Lamotrigine is an antiepileptic drug (AED) indicated for:Epilepsy- adjunctive therapy in patients aged 2 years and older:

Partial-onset seizures
Primary generalized tonic-clonic seizures
Generalized seizures of Lennox-Gastaut syndrome

Epilepsy- monotherapy in patients aged 16 years and older.Bipolar disorder- patients aged 18 years and older.

Interaction

Valproate increases lamotrigine concentrations more than 2-fold. Carbamazepine, phenytoin, phenobarbital, primidone, and rifampin decrease lamotrigine concentrations by approximately 40%. Estrogen-containing oral contraceptives decrease lamotrigine concentrations by approximately 50%. Protease inhibitors lopinavir/ritonavir and atazanavir/ritonavir decrease lamotrigine exposure by approximately 50% and 32% respectively.

Contraindications

n/a

Side Effects

Adult: Dizziness, headache, diplopia, ataxia, nausea, blurred vision, somnolence, pharyngitis, and rash.Children: Vomiting, diarrhea, infection, fever, abdominal pain, and tremor.

Dosage

Epilepsy-Table-1: Escalation Regimen for Lamotrigine in Patients Older than 12 Years with Epilepsy
Weeks 1 & 2:

In patients not taking Carbamazepine, Phenytoin, Phenobarbital, Primidone or Valproate: 25 mg every day
In patients taking Valproate: 25 mg every other day
In patients taking Carbamazepine, Phenytoin, Phenobarbital or Primidone and not taking Valproate: 50 mg/day

Weeks 3 & 4:

In patients not taking Carbamazepine, Phenytoin, Phenobarbital, Primidone or Valproate: 50 mg/day
In patients taking Valproate: 25 mg every day
In patients taking Carbamazepine, Phenytoin, Phenobarbital or Primidone and not taking Valproate: 100 mg/day (in 2 divided doses)

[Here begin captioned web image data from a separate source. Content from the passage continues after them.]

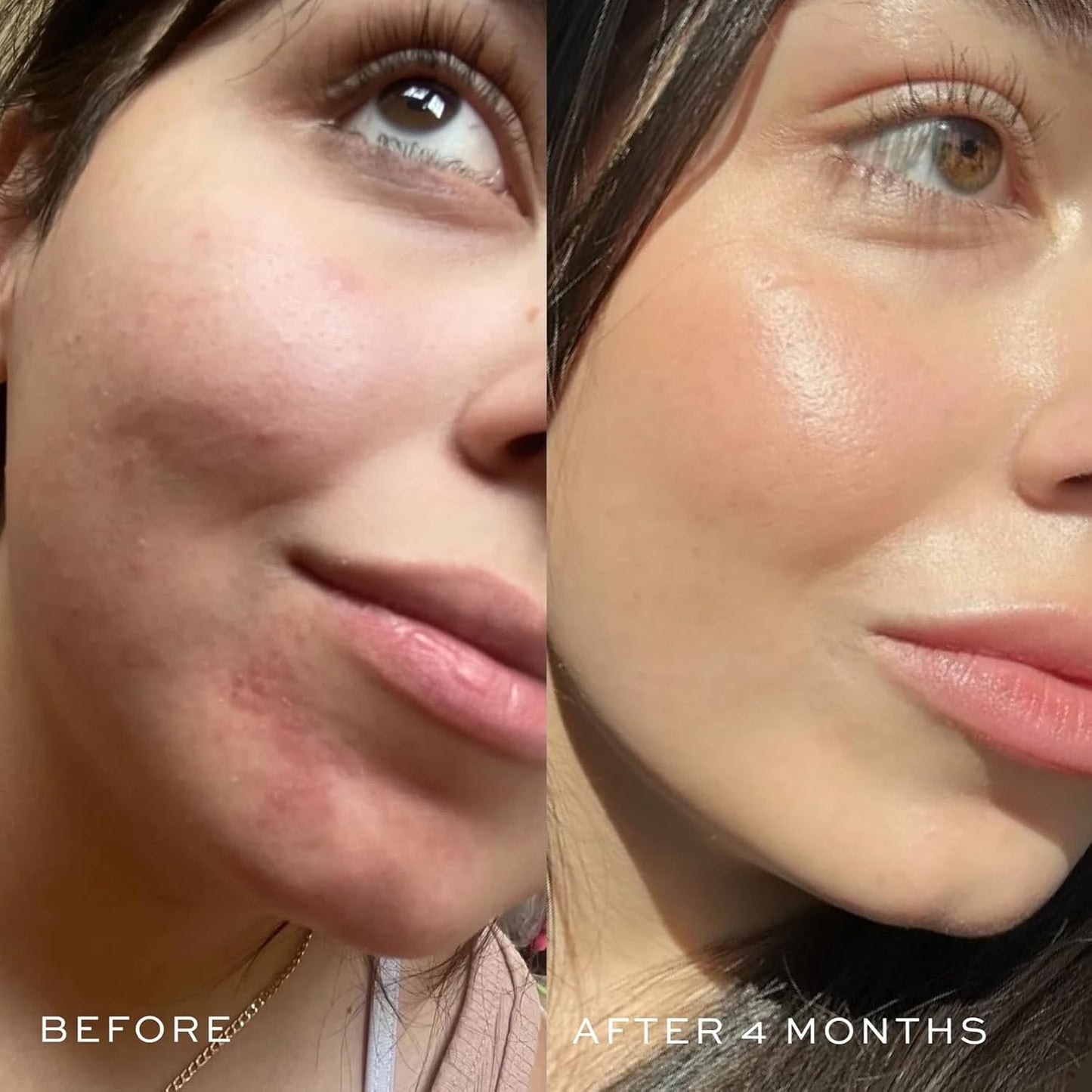 DIME Beauty Blue Facial Oil, 1 oz / 30 mL - Blemish Spot Treatment with Blue Tansy, Black Cumin Seed, Rosehip, and Grapeseed Oils-Velvo Beauty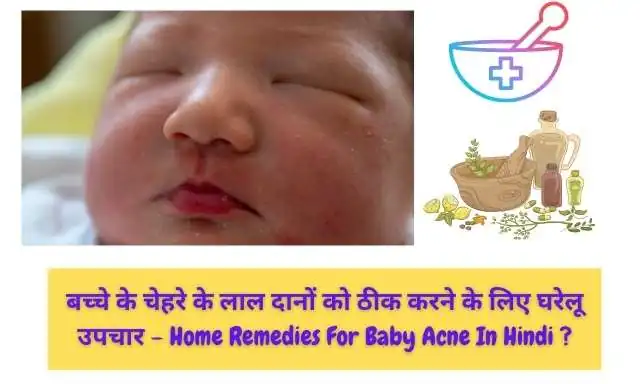 शिशु के चेहरे के दानों का इलाज - Treatment Of Baby Acne In Hindi ?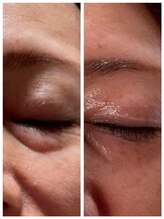 マーレン(Malen)/レッドショット症例写真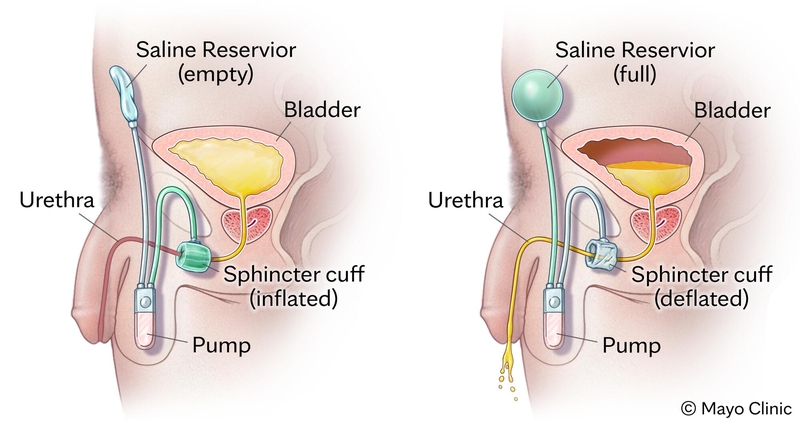 Mayo Clinic Urology (@mayourology) on Twitter photo 👏Exceptional work on the incredible first long-term study on Artificial Urinary Sphincter Placement and validated long-term quality of life improvement for men following prostatectomy for prostate cancer treatment. <a href="/DanielElliottMD/">DanielElliottMD</a> Austin Martin MD
vist.ly/3n6ahgv #AUS 👏Exceptional work on the incredible first long-term study on Artificial Urinary Sphincter Placement and validated long-term quality of life improvement for men following prostatectomy for prostate cancer treatment. <a href="/DanielElliottMD/">DanielElliottMD</a> Austin Martin MD
vist.ly/3n6ahgv #AUS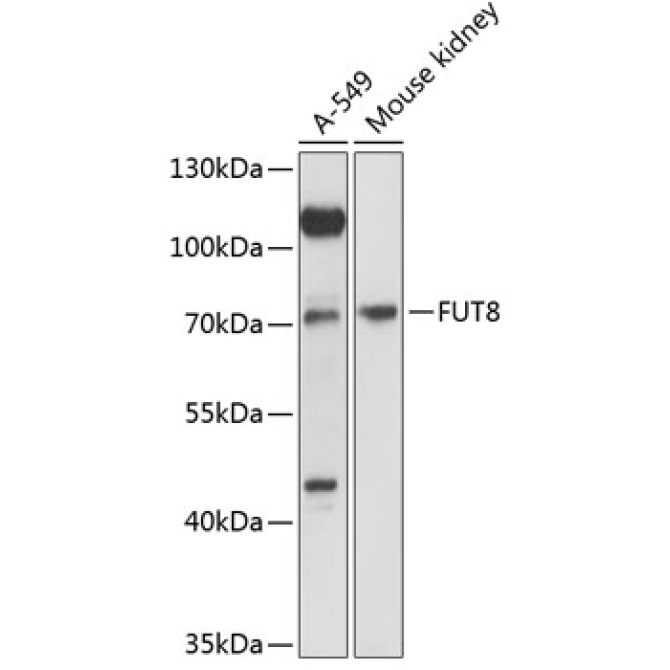 FUT8 Rabbit Polyclonal Antibody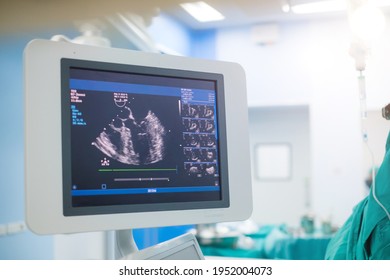 Doctor is examining heart's patient by echocardiogram for diagnosis disease or explain symptom. Medical exam , ultrasound. Medical equipment.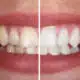 6-surprising-ways-youre-staining-your-teeth
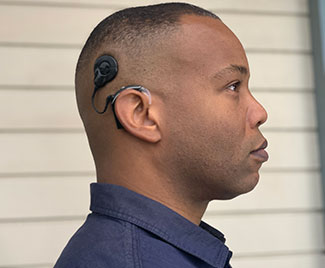 Malik's Cochlear Implant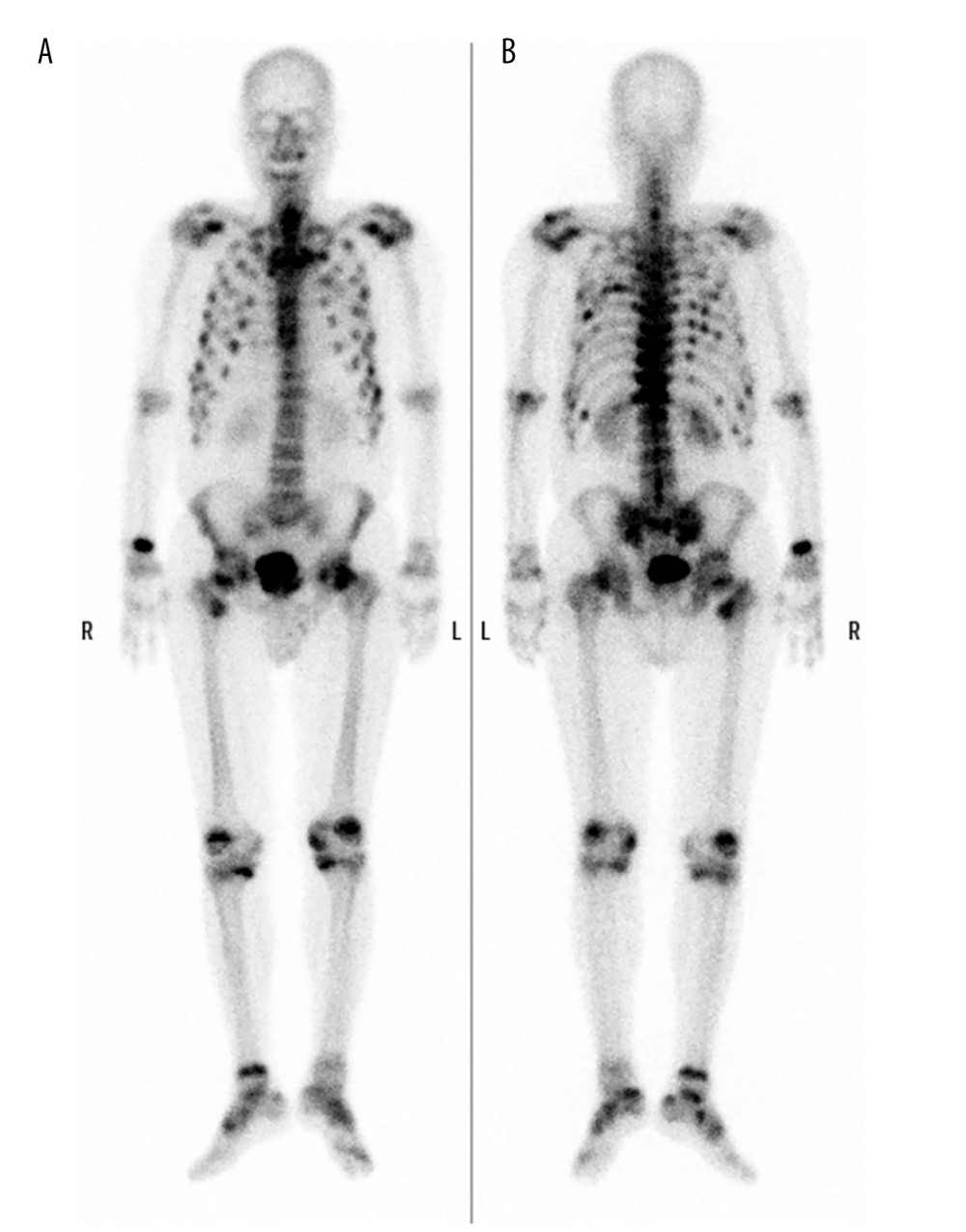 99mTechnetium-hydroxymethylene diphosphate scintigraphy. (A) Anterior view; (B) Posterior view. Multiple accumulations are observed in the bilateral ribs, bilateral proximal femurs, right proximal tibia, distal radius, bilateral sacroiliac joints, and sacrum.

Week 5 onward to maintenance:

In patients not taking Carbamazepine, Phenytoin, Phenobarbital, Primidone or Valproate: Increase by 50 mg/day every 1 to 2 weeks
In patients taking Valproate: Increase by 25 to 50 mg/day every 1 to 2 weeks
In patients taking Carbamazepine, Phenytoin, Phenobarbital or Primidone and not taking Valproate: Increase by 100 mg/day every 1 to 2 weeks

Usual maintenance dose:

In patients not taking Carbamazepine, Phenytoin, Phenobarbital, Primidone or Valproate: 225 to 375 mg/day (in 2 divided doses)
In patients taking Valproate: 100 to 200 mg/day with Valproate alone 100 to 400 mg/day with Valproate and other drugs that induce glucuronidation (in 1 or 2 divided doses)
In patients taking Carbamazepine, Phenytoin, Phenobarbital or Primidone and not taking Valproate: 300 to 500 mg/day (in 2 divided doses)

Table-2: Escalation Regimen for Lamotrigine in Patients Aged 2 to 12 Years with EpilepsyWeeks 1 & 2:

In patients not taking Carbamazepine, Phenytoin, Phenobarbital, Primidone or Valproate: 0.3 mg/kg/day in 1 or 2 divided doses
In patients taking Valproate: 0.15 mg/kg/day in 1 or 2 divided doses
In patients taking Carbamazepine, Phenytoin, Phenobarbital or Primidone and not taking Valproate: 0.6 mg/kg/day (in 2 divided doses)

Weeks 3 & 4:In patients not taking Carbamazepine, Phenytoin, Phenobarbital, Primidone or Valproate: 0.6 mg/kg/day (in 2 divided doses)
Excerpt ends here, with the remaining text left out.